Project layout that scales

app/
├── main.py              # creates FastAPI(), includes routers
├── api/
│   ├── deps.py          # shared dependencies
│   ├── v1/
│   │   ├── users.py     # APIRouter
│   │   └── items.py
│   └── v1/__init__.py
├── core/
│   ├── config.py        # pydantic Settings
│   ├── security.py
│   └── logging.py
├── schemas/             # pydantic models (DTOs)
├── models/              # SQLAlchemy ORM models
├── services/            # domain logic
├── db/                  # session, migrations
└── tests/
06

Path Operations — Params & Responses

Parameters are classified by their type and where they're declared. FastAPI never guesses — it follows a single rule: Path, Query, Body, Header, Cookie overrides; otherwise scalar → query, model → body.

The classification rule

from fastapi import Query, Path, Header, Cookie, Body
from typing import Annotated

@app.get('/users/{user_id}/posts')
def list_posts(
    user_id: Annotated[int, Path(ge=1)],
    # query params with constraints
    page:  Annotated[int, Query(ge=1)] = 1,
    size:  Annotated[int, Query(ge=1, le=100)] = 20,
    q:     Annotated[str | None, Query(max_length=64)] = None,
    # header
    x_request_id: Annotated[str | None, Header()] = None,
    # cookie
    session: Annotated[str | None, Cookie()] = None,
):
    ...

Body — one model or many fields

from pydantic import BaseModel

class ItemCreate(BaseModel):
    name: str
    price: float

@app.post('/items')
def create(item: ItemCreate):     # whole body
    ...

@app.post('/items/multi')
def create2(
    item: ItemCreate,
    user: UserStub,
    importance: Annotated[int, Body(ge=1, le=5)] = 1,
):
    # body becomes { "item": ..., "user": ..., "importance": ... }
    ...

Response models & status

from fastapi import status

class ItemRead(BaseModel):
    id: int
    name: str
    price: float

@app.post('/items',
          response_model=ItemRead,
          status_code=status.HTTP_201_CREATED,
          tags=['items'],
          summary='Create an item',
          response_description='The created item')
def create(item: ItemCreate) -> ItemRead:
    return ItemRead(id=42, **item.model_dump())

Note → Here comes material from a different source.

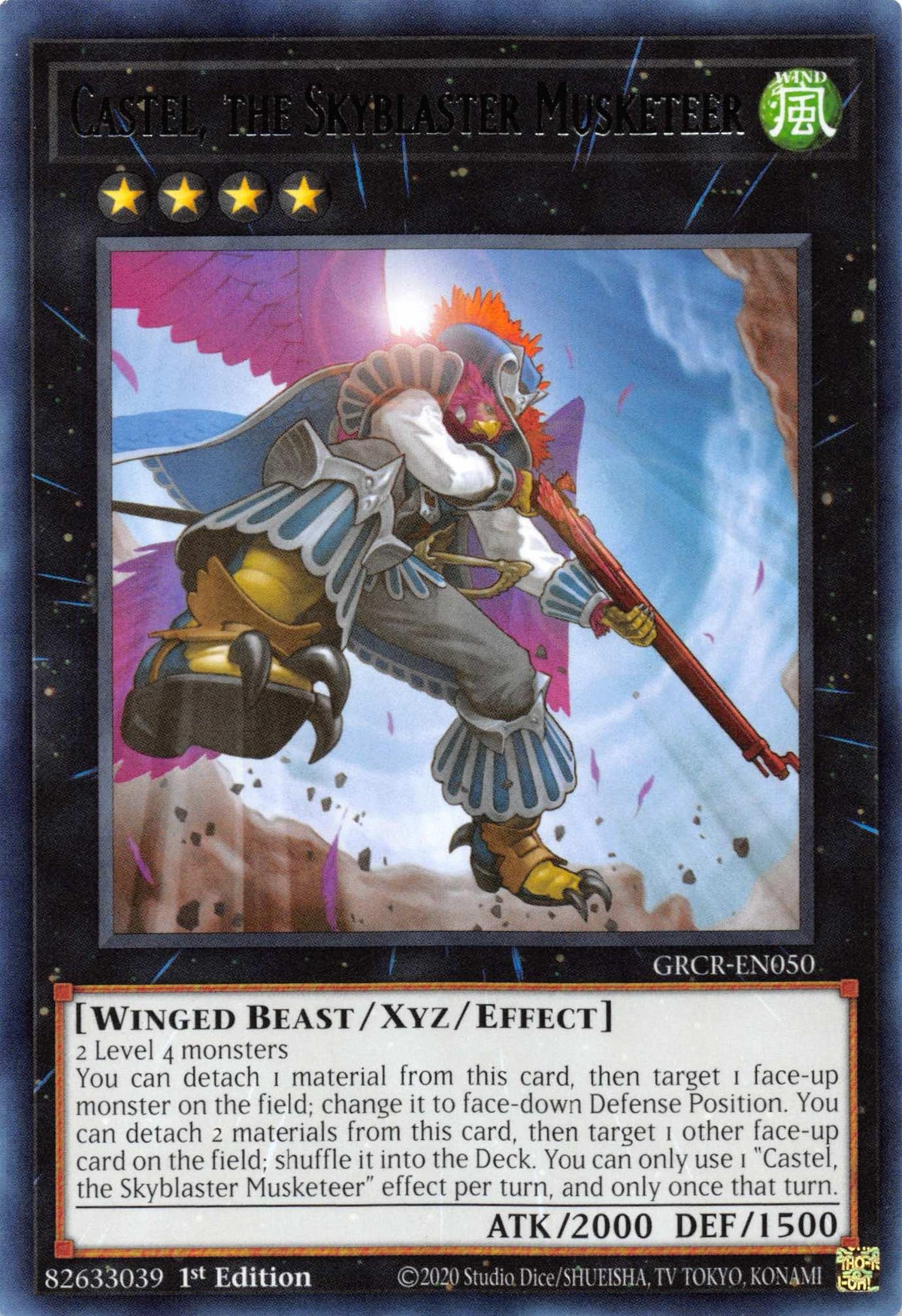 1st Edition, Rare, The Grand Creators, Wind, Winged Beast, Xyz/Effect Monster Castel, the Skyblaster Musketeer [GRCR-EN050] Rare - Trading Card World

Multiple responses, error shapes

from fastapi import HTTPException

class Error(BaseModel):
    code: str
    message: str

@app.get('/items/{id}',
         response_model=ItemRead,
         responses={
           404: {'model': Error, 'description': 'Not found'},
           409: {'model': Error, 'description': 'Conflict'},
         })
def get(id: int):
    if id > 1000:
        raise HTTPException(404, detail='not found')
    return ItemRead(id=id, name='x', price=1.0)

The Annotated-first style

FastAPI 0.95+ recommends Annotated[T, Query(...)] over = Query(...) default values — lets type checkers see the real type, plays nicely with stricter mypy / pyright settings, and reads better in long signatures.

07

Pydantic v2 — The Validation Engine

Pydantic v2 (released 2023) rewrote the validation core in Rust. It is what makes FastAPI fast, strict, and informative — and learning Pydantic is most of learning FastAPI.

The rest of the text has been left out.